The production, which started life in Chichester before a West End run, is now ten years old, and Cooper has been there since the start. Now 50, the former Royal Ballet and Matthew Bourne/New Adventures star takes things gently, moving with a rather patrician grace in the Gene Kelly role and leaving the dance fireworks to the younger cast members. Andrew Wright’s choreography looks in places as though it’s been designed to take the spotlight off the leading man. He still holds his own, notably in the exhausting Good Morning routine – you just can’t help wishing for a little more pizzazz.
The plot (as everyone knows) whisks us back to 1920s Hollywood and the birth of the “talkies” – Lockwood and his co-star Lina Lamont are silent-movie idols, but can they and their studio make the transition to films with sound? The jokes come thick and fast as their inept attempts to make “The Duelling Cavalier” into a talking picture pile up. This production’s silent movie re-creations (projected on to the stage) are a hoot, and Cavin Cornwell, with his rumbling bass, is terrific as the put-upon studio boss.
Key to the screwball humour is the less-than-lovely Lina – played for most of the run by Faye Tozer of Steps, but on the night I watched by Jenny Gayner, who threw her all into Lina’s screechy, helium-high Noo Yoik accent and was great at letting the cracks of insecurity show through the monstrous ego in her solo number, What’s Wrong with Me?
In the Debbie Reynolds role as Don’s love interest, Kathy Selden, Charlotte Gooch is perfectly poised – maybe too much so for a character we need to believe is a wide-eyed ingenue? – and beautifully fluid in her duets with Cooper. When he croons “the angels must have sent you” to her during You Were Meant for Me, her immaculately disappointed “Oh” delightfully nails the corniness of the whole scene.

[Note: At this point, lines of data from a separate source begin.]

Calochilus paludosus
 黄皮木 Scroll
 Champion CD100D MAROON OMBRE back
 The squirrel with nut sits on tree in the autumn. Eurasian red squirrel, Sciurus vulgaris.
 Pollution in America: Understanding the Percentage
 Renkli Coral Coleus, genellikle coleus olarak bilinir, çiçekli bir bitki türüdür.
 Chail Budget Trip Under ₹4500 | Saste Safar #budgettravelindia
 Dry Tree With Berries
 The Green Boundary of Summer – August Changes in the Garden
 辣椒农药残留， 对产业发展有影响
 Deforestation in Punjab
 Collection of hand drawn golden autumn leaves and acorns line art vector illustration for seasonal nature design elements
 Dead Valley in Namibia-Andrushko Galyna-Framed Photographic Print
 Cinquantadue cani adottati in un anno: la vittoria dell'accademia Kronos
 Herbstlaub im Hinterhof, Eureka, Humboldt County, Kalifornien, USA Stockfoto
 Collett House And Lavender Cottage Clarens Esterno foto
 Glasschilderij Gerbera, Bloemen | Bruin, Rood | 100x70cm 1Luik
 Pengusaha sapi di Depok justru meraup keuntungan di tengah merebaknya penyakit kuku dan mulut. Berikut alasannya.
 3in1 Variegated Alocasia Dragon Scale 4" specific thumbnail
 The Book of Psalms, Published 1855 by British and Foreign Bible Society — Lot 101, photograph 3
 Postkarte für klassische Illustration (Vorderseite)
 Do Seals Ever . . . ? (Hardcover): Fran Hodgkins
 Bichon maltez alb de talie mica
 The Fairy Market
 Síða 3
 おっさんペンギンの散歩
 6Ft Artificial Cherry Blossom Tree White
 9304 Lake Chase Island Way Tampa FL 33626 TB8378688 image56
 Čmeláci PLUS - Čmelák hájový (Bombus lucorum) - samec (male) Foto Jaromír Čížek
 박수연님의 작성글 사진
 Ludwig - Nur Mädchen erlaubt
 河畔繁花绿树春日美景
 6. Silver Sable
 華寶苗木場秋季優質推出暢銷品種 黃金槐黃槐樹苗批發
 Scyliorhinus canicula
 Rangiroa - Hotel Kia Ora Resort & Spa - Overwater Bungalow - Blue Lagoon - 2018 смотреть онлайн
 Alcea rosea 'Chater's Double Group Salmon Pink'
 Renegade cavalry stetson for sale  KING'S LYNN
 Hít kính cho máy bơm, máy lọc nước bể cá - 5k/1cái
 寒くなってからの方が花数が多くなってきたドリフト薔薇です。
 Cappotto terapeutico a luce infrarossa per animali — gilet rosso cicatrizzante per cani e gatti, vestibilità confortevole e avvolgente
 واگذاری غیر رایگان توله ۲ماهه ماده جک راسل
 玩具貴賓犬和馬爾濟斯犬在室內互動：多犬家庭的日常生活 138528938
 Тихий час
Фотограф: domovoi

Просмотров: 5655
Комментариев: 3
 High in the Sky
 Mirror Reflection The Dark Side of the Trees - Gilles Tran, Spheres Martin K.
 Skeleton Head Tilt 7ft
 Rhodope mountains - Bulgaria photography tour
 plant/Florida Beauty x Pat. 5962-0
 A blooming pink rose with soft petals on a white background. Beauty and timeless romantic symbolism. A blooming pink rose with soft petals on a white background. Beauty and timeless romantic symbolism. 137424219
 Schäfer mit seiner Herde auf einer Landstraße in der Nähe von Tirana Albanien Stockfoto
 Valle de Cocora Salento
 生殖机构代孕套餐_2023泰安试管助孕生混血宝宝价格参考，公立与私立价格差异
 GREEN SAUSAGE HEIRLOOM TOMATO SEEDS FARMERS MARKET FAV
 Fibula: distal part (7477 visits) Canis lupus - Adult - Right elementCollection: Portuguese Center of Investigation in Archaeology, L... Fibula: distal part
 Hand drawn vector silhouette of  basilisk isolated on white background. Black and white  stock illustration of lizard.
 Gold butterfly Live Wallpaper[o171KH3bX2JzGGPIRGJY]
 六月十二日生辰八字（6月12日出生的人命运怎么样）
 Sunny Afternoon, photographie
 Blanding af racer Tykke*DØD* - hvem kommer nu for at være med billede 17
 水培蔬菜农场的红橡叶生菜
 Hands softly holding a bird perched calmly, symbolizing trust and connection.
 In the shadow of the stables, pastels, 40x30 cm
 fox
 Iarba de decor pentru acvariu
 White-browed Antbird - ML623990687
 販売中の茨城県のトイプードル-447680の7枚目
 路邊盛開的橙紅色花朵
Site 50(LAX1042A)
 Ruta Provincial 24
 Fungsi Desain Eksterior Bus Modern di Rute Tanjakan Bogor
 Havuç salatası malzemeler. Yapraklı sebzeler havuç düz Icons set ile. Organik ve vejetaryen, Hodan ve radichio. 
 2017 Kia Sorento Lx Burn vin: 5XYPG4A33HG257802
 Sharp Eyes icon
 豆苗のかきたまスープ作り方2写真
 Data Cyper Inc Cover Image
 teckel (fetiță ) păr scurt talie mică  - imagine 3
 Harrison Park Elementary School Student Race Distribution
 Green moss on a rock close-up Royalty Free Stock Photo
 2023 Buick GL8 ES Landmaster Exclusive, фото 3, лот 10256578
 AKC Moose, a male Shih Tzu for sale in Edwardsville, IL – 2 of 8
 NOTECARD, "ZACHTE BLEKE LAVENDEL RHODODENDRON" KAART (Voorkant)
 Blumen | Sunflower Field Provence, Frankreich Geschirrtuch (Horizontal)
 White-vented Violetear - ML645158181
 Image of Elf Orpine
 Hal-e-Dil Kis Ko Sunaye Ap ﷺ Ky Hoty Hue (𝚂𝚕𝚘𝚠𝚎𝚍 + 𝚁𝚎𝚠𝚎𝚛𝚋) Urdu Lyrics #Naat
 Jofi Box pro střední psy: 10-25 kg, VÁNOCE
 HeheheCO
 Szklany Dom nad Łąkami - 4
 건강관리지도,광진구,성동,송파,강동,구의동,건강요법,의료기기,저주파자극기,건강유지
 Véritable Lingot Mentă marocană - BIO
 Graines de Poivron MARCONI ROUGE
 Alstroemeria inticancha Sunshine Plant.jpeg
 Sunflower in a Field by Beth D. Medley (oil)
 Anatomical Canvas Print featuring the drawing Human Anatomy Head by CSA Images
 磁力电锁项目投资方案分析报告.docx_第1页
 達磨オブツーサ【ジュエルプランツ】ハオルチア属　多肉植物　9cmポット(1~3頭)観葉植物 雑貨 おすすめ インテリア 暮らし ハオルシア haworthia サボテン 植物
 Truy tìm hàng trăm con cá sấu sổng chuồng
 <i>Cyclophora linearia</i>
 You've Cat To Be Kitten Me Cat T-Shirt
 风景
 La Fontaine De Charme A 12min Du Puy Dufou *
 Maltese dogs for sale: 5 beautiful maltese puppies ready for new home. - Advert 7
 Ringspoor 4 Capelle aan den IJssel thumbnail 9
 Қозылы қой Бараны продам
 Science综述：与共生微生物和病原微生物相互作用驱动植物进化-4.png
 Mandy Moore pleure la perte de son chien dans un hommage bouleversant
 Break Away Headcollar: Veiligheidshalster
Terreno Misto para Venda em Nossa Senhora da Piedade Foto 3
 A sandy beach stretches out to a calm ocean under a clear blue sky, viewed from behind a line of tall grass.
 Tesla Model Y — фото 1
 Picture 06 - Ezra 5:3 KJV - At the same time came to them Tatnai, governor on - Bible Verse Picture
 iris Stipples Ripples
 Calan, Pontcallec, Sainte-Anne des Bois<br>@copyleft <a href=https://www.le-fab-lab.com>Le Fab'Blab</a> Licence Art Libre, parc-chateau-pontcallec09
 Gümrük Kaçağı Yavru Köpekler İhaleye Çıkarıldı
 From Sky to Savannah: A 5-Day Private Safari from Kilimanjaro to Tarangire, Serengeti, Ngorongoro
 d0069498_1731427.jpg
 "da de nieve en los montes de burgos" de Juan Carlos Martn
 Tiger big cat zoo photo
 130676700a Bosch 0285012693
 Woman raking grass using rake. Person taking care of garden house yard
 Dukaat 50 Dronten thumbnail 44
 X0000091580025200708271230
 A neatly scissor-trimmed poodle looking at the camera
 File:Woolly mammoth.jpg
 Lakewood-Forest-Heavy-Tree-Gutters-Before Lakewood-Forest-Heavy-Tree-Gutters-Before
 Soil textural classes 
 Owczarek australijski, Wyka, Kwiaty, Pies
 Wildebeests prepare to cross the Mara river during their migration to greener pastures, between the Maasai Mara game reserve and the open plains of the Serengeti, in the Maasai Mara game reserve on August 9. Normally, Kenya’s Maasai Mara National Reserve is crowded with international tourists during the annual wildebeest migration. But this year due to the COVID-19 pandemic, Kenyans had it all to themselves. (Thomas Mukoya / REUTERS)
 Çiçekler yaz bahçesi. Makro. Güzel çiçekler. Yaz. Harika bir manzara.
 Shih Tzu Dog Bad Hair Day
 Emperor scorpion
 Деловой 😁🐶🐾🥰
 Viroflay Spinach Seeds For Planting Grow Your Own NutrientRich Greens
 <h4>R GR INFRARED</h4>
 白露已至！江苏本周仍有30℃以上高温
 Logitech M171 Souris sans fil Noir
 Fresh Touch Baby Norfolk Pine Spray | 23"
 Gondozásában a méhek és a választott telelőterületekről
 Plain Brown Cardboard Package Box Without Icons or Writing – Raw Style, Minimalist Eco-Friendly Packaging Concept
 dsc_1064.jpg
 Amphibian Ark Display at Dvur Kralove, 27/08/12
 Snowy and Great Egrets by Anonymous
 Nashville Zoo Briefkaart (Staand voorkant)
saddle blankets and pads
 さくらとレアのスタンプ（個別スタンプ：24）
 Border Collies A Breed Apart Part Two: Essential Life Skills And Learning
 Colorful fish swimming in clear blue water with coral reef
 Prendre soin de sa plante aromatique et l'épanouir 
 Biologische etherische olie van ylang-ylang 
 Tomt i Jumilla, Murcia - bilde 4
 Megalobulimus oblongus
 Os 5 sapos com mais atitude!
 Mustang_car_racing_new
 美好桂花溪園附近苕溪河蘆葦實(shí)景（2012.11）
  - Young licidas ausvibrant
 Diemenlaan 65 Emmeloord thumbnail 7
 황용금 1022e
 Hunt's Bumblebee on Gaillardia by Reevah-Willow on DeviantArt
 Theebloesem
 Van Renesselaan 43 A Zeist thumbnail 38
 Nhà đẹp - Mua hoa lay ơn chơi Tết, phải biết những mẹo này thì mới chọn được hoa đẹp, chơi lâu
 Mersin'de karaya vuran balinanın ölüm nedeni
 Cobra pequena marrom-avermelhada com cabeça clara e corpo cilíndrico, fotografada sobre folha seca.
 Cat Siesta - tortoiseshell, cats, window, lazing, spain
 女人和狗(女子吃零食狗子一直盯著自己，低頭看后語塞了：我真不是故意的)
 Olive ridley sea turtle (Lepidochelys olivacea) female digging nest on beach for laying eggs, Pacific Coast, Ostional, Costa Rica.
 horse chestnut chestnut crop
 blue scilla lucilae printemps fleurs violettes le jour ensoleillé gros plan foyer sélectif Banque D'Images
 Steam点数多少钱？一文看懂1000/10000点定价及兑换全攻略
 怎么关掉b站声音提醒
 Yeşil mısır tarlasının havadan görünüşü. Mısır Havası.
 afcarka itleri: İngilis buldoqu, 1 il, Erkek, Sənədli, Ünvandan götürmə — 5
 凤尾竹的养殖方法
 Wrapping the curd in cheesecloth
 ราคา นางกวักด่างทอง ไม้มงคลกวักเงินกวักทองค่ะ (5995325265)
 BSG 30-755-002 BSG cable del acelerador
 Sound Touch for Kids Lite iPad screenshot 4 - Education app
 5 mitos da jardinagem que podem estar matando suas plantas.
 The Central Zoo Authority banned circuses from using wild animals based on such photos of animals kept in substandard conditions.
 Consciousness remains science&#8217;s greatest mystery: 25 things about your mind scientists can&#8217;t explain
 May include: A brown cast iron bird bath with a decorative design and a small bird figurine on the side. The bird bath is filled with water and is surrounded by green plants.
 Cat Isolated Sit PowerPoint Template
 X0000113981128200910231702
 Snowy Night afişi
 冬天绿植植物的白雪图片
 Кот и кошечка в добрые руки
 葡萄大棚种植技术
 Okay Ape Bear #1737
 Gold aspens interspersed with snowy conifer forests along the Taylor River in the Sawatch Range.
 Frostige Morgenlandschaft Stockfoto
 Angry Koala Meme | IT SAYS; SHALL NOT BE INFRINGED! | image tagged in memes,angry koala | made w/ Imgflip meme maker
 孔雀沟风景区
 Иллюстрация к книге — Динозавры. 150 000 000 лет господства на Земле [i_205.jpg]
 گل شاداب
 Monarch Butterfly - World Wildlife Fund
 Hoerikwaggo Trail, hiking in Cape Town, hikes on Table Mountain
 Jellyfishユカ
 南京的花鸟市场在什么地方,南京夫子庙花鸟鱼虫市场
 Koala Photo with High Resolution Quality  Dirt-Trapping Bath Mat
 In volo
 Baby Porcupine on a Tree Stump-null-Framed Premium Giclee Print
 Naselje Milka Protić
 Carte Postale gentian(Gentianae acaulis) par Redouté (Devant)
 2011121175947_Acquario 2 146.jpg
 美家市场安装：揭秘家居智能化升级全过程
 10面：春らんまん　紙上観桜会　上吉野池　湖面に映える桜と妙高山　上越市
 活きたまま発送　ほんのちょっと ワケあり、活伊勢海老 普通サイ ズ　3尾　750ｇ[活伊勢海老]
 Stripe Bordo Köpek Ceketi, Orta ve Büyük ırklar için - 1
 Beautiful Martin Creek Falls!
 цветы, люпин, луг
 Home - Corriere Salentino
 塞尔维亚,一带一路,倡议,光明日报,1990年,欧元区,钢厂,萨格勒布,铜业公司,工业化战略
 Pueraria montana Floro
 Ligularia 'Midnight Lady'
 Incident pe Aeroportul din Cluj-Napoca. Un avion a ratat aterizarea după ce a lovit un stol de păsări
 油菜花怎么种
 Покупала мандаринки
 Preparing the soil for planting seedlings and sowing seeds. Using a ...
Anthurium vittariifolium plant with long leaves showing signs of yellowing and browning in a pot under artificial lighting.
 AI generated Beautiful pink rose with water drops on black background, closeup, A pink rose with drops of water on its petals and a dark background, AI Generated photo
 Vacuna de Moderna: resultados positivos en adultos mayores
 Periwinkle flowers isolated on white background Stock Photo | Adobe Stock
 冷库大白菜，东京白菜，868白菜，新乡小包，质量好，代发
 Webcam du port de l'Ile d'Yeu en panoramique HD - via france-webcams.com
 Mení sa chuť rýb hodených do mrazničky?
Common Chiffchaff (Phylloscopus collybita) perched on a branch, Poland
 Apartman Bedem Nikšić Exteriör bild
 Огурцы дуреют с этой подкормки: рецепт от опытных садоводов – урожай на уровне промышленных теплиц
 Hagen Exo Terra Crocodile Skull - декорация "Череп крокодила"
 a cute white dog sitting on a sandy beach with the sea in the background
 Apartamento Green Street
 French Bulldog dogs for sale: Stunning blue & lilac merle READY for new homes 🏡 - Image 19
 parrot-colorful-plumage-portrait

The former Strictly Come Dancing professional Kevin Clifton has a mountain to climb as Don’s sidekick, Cosmo Brown. He doesn’t possess the zaniness of the incomparable Donald O’Connor in this court jester role, but looks supremely comfortable on stage, provides all the manic hoofing energy when paired with Cooper for Fit as a Fiddle and Moses Supposes (including some marvellous spaghetti-like legwork) and is cheerfully adept in the big Make ’Em Laugh number.
There are sparkles aplenty as dancers flood the stage for the big set pieces, and the jazzy modern Broadway Rhythm section is skilfully retuned, daubed in acid-bright colours and an itchy restlessness. The live orchestra – revealed fleetingly but mainly hidden at the back of the stage – adds plenty of vigour. And yet… I didn’t leave feeling giddily transported; rather that I’d watched a well-oiled machine going neatly through its paces. The film’s perfection maybe looms just a little too large for this cast to conquer.